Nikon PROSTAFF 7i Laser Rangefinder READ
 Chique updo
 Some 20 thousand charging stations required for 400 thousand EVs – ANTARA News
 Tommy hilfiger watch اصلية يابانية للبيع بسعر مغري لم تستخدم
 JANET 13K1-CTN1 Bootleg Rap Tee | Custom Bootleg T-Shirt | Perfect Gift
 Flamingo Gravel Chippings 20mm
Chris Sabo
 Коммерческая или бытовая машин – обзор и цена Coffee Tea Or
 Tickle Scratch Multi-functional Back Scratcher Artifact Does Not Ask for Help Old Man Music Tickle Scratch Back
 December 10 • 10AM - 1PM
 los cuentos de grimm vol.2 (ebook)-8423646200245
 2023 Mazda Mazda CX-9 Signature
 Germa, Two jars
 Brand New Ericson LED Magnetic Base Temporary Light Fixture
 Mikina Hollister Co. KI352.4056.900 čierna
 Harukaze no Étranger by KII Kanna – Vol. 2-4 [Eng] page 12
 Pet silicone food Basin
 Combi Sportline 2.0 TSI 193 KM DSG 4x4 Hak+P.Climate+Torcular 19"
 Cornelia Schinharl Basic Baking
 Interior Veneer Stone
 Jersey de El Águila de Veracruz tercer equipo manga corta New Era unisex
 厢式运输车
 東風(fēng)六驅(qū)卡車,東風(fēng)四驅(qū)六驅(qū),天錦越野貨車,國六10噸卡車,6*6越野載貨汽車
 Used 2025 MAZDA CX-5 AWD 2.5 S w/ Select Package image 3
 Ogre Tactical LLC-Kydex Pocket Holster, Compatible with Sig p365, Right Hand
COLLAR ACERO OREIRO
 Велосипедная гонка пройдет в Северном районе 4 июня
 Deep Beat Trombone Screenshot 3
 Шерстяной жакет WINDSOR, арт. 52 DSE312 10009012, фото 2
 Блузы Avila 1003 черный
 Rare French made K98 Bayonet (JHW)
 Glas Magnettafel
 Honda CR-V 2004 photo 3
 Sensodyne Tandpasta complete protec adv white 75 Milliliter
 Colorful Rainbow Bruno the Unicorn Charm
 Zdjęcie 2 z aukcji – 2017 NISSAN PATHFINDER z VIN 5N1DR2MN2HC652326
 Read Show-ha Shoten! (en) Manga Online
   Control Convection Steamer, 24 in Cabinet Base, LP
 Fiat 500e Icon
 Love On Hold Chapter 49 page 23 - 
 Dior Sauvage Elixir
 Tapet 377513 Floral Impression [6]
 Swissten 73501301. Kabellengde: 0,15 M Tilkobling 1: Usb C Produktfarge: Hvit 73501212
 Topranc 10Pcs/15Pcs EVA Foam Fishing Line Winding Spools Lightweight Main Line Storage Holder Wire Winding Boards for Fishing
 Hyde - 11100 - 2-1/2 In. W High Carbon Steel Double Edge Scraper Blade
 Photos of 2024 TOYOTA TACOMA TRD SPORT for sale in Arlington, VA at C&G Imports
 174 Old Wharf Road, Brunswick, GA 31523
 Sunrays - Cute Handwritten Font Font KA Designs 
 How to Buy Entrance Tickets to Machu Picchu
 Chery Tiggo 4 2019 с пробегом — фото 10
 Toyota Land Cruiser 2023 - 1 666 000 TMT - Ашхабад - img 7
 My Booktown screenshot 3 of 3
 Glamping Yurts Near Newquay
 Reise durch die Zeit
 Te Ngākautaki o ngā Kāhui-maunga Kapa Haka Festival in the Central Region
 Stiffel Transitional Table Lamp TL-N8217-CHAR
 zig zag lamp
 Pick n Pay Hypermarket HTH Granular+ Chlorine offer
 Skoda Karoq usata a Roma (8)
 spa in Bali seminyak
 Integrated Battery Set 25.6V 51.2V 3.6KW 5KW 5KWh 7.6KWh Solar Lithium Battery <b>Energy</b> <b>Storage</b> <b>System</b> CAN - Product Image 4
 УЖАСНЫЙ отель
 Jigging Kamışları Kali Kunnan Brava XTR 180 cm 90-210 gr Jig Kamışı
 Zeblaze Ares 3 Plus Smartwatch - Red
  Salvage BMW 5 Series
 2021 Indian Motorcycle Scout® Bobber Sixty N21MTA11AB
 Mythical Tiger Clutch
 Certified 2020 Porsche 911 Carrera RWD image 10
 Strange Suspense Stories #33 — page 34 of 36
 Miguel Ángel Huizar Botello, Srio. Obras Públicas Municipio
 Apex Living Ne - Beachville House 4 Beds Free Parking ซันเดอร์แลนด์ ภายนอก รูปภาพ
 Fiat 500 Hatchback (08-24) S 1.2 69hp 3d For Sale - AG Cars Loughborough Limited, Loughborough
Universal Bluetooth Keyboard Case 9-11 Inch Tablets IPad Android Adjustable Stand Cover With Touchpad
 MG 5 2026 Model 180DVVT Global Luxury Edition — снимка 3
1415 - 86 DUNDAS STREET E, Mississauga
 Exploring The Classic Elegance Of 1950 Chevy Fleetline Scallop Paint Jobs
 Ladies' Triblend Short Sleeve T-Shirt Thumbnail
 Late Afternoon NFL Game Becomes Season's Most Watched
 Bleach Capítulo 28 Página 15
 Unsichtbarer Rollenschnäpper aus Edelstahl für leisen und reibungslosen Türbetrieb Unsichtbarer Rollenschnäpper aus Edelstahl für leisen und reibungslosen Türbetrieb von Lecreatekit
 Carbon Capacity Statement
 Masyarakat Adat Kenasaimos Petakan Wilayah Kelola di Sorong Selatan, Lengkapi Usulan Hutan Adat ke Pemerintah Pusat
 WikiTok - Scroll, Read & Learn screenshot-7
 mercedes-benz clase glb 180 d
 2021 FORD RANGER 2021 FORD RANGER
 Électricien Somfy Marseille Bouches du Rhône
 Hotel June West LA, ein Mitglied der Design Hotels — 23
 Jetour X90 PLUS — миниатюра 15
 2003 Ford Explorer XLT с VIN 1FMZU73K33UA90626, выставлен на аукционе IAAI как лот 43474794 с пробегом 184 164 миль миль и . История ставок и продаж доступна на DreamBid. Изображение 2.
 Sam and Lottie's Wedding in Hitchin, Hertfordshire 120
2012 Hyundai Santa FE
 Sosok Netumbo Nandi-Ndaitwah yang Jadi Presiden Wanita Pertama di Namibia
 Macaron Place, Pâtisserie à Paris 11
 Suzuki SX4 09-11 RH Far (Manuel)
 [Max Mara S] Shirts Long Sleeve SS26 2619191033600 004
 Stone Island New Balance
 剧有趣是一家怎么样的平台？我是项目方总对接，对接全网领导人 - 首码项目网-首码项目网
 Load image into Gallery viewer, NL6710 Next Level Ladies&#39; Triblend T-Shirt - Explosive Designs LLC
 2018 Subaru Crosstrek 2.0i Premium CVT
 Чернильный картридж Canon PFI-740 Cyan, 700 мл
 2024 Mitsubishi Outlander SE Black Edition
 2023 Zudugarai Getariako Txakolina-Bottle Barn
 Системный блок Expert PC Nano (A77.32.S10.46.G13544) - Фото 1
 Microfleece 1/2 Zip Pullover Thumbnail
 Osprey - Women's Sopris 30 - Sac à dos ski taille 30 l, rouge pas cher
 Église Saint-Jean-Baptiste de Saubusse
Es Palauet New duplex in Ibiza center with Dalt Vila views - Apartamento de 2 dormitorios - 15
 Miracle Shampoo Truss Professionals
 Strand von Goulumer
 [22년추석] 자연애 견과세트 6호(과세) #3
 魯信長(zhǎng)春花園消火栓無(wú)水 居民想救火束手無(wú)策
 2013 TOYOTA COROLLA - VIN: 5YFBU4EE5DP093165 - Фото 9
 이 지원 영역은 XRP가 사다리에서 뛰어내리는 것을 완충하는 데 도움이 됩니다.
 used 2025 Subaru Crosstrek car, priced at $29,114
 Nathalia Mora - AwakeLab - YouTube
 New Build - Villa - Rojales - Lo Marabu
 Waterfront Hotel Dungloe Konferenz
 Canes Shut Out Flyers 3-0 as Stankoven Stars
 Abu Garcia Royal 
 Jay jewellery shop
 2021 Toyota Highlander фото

━━━━

» Task prompt
All lines above from the line with "Topranc 10Pcs/15Pcs EVA" through the line with "How to Buy Entrance Tickets to Machu Picchu", both included, are to be set down exactly, with nothing else.

» Solution for this problem
 Topranc 10Pcs/15Pcs EVA Foam Fishing Line Winding Spools Lightweight Main Line Storage Holder Wire Winding Boards for Fishing
 Hyde - 11100 - 2-1/2 In. W High Carbon Steel Double Edge Scraper Blade
 Photos of 2024 TOYOTA TACOMA TRD SPORT for sale in Arlington, VA at C&G Imports
 174 Old Wharf Road, Brunswick, GA 31523
 Sunrays - Cute Handwritten Font Font KA Designs 
 How to Buy Entrance Tickets to Machu Picchu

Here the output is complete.